# "1970" Schwinn Pea Picker...



## bikesnbuses (Aug 12, 2017)

I was trying to be nice and helpful to avoid future issues for this seller and messaged him and told him his bike was one of the new 2004 reproductions...  He wasnt too appreciative and insisted that he's had this bike for 25 years... You guys tell me if Im wrong..
https://offerup.com/item/detail/325830272/?ref=Search


----------



## schwinnguyinohio (Aug 12, 2017)

I'd say it's a 98/99


----------



## Cory (Aug 12, 2017)

That stem is a huge giveaway to its age, lol. 

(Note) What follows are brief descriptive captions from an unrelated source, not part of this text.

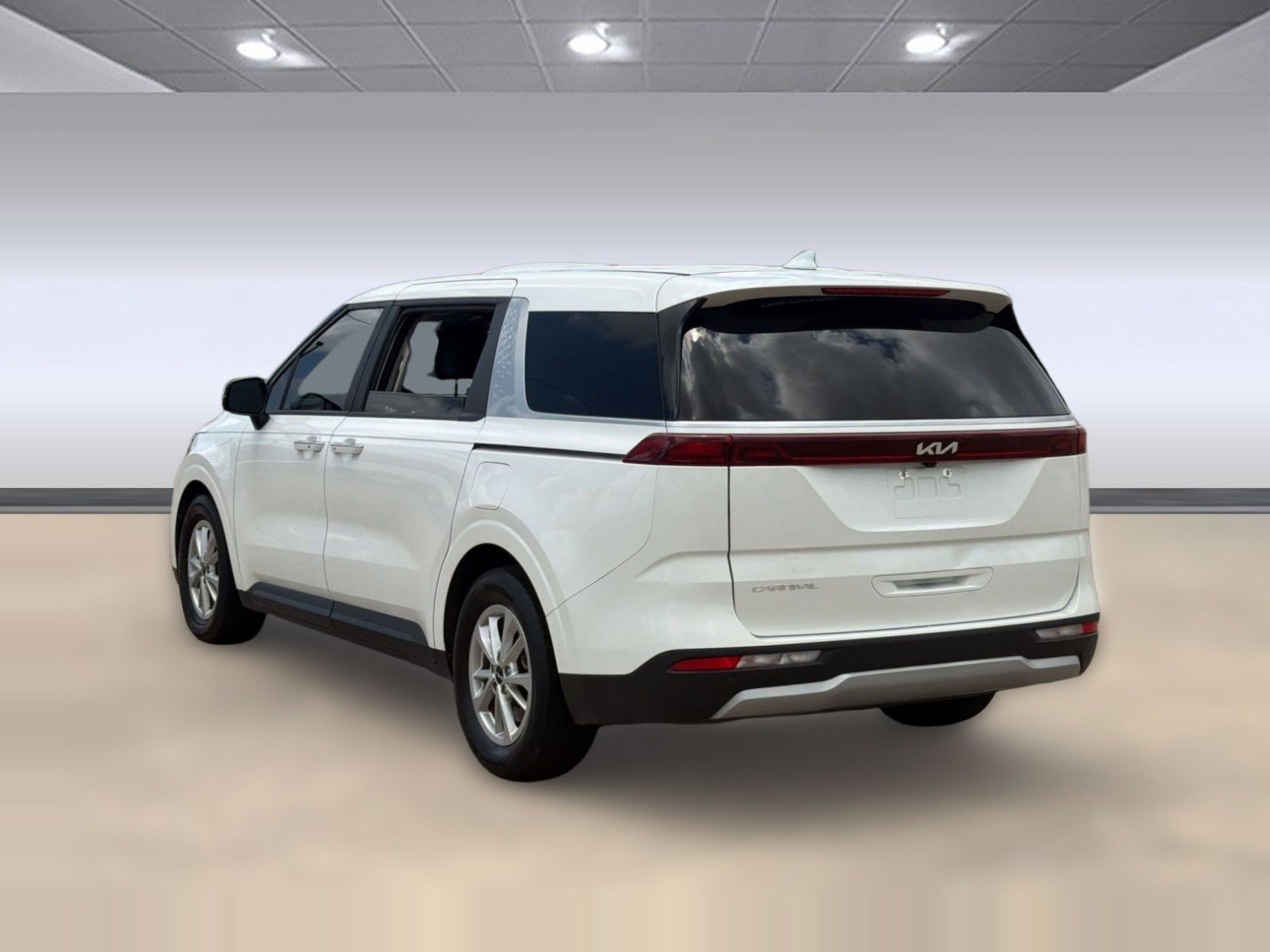 Used 2023 Kia Carnival LX FWD image 3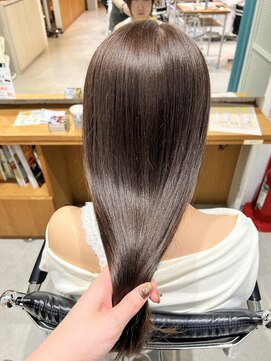 ヘアーエスクールエミュ(hair S. COEUR emu) 透明感ブラウン/松井山手美容室/京都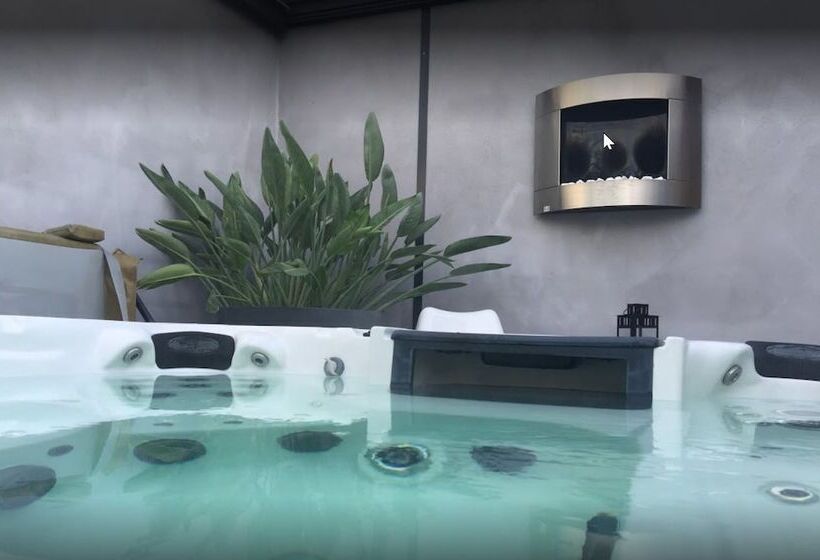 پانسیون Suites D Hôtes Prestige Mas De L étoile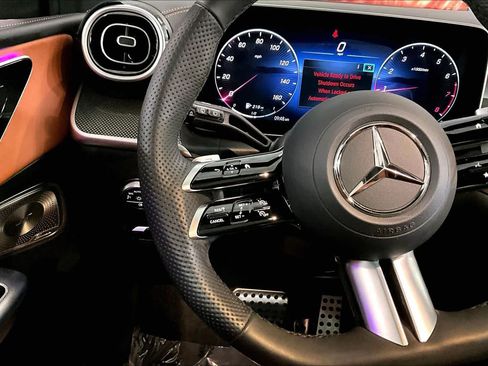 Used 2024 Mercedes-Benz GLC 300 4MATIC image 24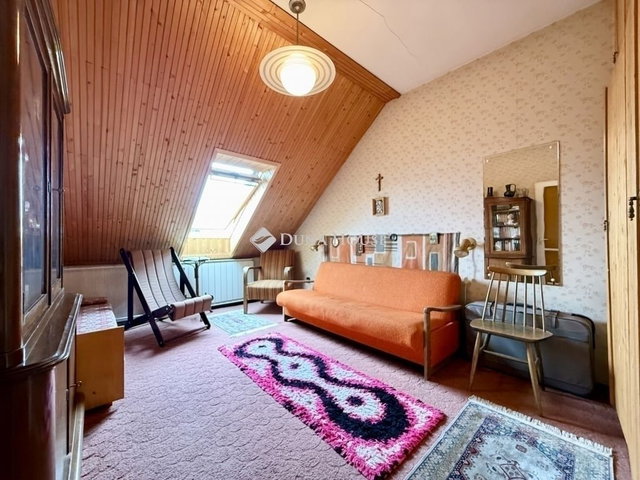 Eladó téglalakás, Szegeden 72.9 M Ft, 4 szobás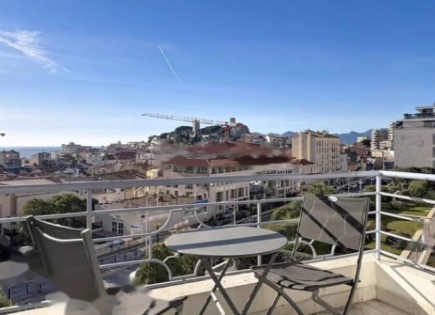 Appartamento per 399 000 euro a Cannes, Francia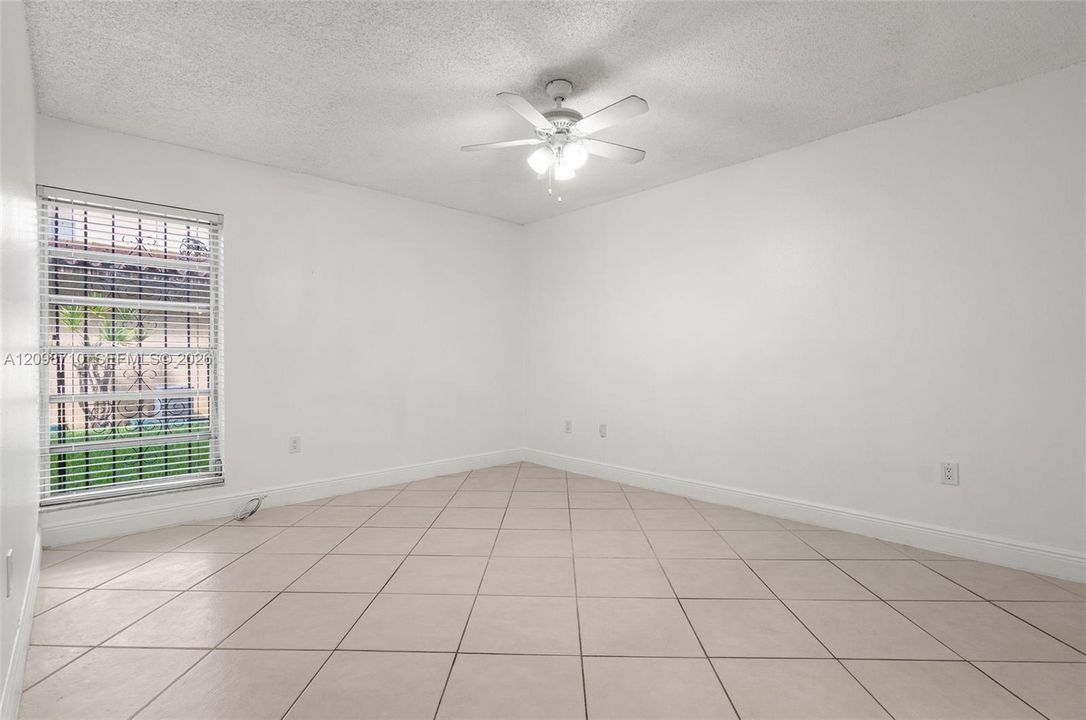 For Rent: $2,000 (2 beds, 2 baths, 782 Square Feet)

Sent from my SAMSUNG-SM-N910A using Tapatalk


----------



## vincev (Aug 12, 2017)

You can report on that site.


----------



## spoker (Aug 13, 2017)

gonna get messy if its a paypal sale


----------



## Rollo (Aug 13, 2017)

schwinnguyinohio said:


> I'd say it's a 98/99



... 98-99's were more accurate ... (wrong radius and yolk on the front springer for example) .... This one is newer  ...


----------



## tripple3 (Aug 13, 2017)

Its been almost 25 years since mid 90's


----------



## ZE52414 (Aug 13, 2017)

What gives it away is the sticker on the top tube that says made in Taiwan definitely a repop.


----------



## partsguy (Aug 15, 2017)

tripple3 said:


> Its been almost 25 years since mid 90's




Please don't make me feel older...three of my friends have gotten the "ball and chain" this week and it's only Tuesday!

You're right though...it's been 20 years. Scary to think that very soon these reproductions will be vintage also!!


----------



## GTs58 (Aug 15, 2017)

You can't fix stupid, so there is no point trying.


----------